Points A and B are located along a line perpendicular to the axis of a small bar magnet. Line joining the points A and B is passing through the centre of bar magnet. Point A is at a distance x from the centre of magnet on one side and point B is on the other side of magnet at a distance 3x from the centre of magnet.
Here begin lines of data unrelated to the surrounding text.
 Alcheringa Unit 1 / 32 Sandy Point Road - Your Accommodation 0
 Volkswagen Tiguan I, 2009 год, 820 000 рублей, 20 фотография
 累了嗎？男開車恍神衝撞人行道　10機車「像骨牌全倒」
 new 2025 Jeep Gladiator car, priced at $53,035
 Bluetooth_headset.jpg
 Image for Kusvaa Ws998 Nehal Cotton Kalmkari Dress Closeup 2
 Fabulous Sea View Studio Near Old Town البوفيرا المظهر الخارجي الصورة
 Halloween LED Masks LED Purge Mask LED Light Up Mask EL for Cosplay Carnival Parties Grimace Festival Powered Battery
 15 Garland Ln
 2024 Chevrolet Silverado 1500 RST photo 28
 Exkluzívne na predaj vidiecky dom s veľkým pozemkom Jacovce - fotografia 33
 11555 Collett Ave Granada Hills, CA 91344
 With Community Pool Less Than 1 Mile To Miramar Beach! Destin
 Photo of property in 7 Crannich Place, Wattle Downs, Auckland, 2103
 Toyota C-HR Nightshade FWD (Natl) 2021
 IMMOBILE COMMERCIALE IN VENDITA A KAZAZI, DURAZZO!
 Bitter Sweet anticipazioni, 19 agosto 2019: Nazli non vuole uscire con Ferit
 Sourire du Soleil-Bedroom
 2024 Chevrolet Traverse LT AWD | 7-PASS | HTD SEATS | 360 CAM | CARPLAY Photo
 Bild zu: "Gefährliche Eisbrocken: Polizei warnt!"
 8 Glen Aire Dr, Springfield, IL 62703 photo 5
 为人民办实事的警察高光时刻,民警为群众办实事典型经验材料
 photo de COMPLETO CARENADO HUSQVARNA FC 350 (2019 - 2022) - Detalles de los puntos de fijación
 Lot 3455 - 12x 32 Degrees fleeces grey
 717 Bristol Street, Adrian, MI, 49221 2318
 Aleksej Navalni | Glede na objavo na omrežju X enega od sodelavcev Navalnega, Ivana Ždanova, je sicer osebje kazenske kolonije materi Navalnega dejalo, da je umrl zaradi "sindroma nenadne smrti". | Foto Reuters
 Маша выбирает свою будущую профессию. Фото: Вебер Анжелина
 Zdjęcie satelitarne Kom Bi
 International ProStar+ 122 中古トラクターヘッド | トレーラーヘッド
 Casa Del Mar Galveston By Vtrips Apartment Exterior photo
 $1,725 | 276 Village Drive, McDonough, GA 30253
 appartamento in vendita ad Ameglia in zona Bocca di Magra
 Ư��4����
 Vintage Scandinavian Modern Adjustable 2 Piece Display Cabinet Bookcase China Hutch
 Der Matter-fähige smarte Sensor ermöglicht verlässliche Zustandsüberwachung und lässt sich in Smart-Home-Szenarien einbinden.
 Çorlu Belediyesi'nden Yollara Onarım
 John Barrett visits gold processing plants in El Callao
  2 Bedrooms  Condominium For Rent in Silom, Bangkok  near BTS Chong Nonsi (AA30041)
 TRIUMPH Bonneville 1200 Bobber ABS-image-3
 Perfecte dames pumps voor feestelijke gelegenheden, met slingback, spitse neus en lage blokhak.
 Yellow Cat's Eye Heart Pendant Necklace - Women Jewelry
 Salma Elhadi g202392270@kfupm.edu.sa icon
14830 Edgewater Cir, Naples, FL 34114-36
If `B_1` and `B_2` are the magnetic field intensities at A and B respectively then find approximate value of `B_1 :B_2`

To solve the problem, we need to find the ratio of the magnetic field intensities \( B_1 \) at point A and \( B_2 \) at point B, given their distances from the center of a small bar magnet. ### Step-by-Step Solution: 1. **Identify the distances**: - Point A is at a distance \( x \) from the center of the magnet. - Point B is at a distance \( 3x \) from the center of the magnet. 2. **Understand the formula for magnetic field intensity**: The magnetic field intensity \( B \) at a point along the perpendicular bisector of a small bar magnet is given by the formula: \[ B = \frac{\mu_0}{4\pi} \cdot \frac{m}{d^3} \] where: - \( \mu_0 \) is the permeability of free space, - \( m \) is the magnetic moment of the magnet, - \( d \) is the distance from the center of the magnet to the point where the field is being calculated. 3. **Calculate \( B_1 \) at point A**: For point A, the distance \( d_1 = x \): \[ B_1 = \frac{\mu_0}{4\pi} \cdot \frac{m}{x^3} \] 4. **Calculate \( B_2 \) at point B**: For point B, the distance \( d_2 = 3x \): \[ B_2 = \frac{\mu_0}{4\pi} \cdot \frac{m}{(3x)^3} = \frac{\mu_0}{4\pi} \cdot \frac{m}{27x^3} \] 5. **Find the ratio \( \frac{B_1}{B_2} \)**: \[ \frac{B_1}{B_2} = \frac{\frac{\mu_0}{4\pi} \cdot \frac{m}{x^3}}{\frac{\mu_0}{4\pi} \cdot \frac{m}{27x^3}} = \frac{27x^3}{x^3} = 27 \] 6. **Final result**: The ratio of the magnetic field intensities at points A and B is: \[ B_1 : B_2 = 27 : 1 \]